7, viernes. Mayo. Plaza Olèrdola

Plaza secreta, solitaria. Se llega caminando por el centro de la calzada, dado lo diminuto de las aceras. Solo de vez en cuando suena un motor o se refleja delante un foco luminoso y eso indica que se acerca un coche y hay que apartarse para dejarlo pasar. No se cruza uno con nadie por las calles. Barrio de casas de dos plantas, unifamiliares, con espacio bien cuidado alrededor. Una mujer recoge limones con una vara con gancho. Estilos arquitectónicos raros, es decir, casas sin estilo, pero con reformas más caras que la construcción. En algún solar han aprovechado todo el terreno para elevar un edifico de cuatro plantas que afea. No parece que se esté en Barcelona, sino que ya se ha llegado al pequeño pueblo de valle en zona montañosa donde se quiere pasar el fin de semana.
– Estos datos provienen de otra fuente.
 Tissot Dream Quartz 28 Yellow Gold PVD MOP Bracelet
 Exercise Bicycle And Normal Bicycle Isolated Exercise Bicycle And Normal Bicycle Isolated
 La de Olèrdola es una plaza perfectamente redonda, sin constituirse en rotonda. Parece un precedente. Se entra por una única calle y se sale por otra. La circularidad no sirve para nada, es meramente escénica. Las casas acompañan el trazado alrededor de la plaza con aparcamientos privados, uno al costado de otro: una forma de excluir vehículos estacionados. No conocía la plaza ni nadie me había hablado de ella, pero he tenido la impresión de que, enterada de mi afición a escribirles crónicas a sus semejantes, me esperaba. Y así, un fin de tarde, en un paseo extraviado por los laberintos de Vallcarca, sin ningún propósito, descubro con las últimas luces del día su bosque encantado en miniatura.

         Ocupa un espacio amplio, unos cuarenta metros de diámetro. Alrededor, cuento en el catastro, once propiedades individuales. La mayoría con paredes de ladrillo visto, lo que le da un aire de ensoñación medieval. En las aceras, una cenefa de plátanos urbanos. En el centro, un jardín boscoso: tres grandes pinos de nostalgia mediterránea, un ciruelo expandido de filiación oriental y alrededor varios olmos adolescentes de troncos aún juguetones. Por el terreno una pequeña pradera y en un extremo, la explosión verde jugoso de un cañaveral. Rodeo el bosquecillo impregnado por su soledad y mis pasos crepusculares caminan por las sílabas de un soneto de Octavio Paz, cuyo segundo cuarteto rememoro: «Se yerguen más los fresnos, más despiertos, / y anochecen la plaza silenciosa, / tan a ciegas palpada y tan esposa / como herida de bordes siempre abiertos». No otra cosa significa el bosque recluido dentro de la plaza: la fiel herida que supura en la mirada de quienes recorren la epidermis gris de la ciudad.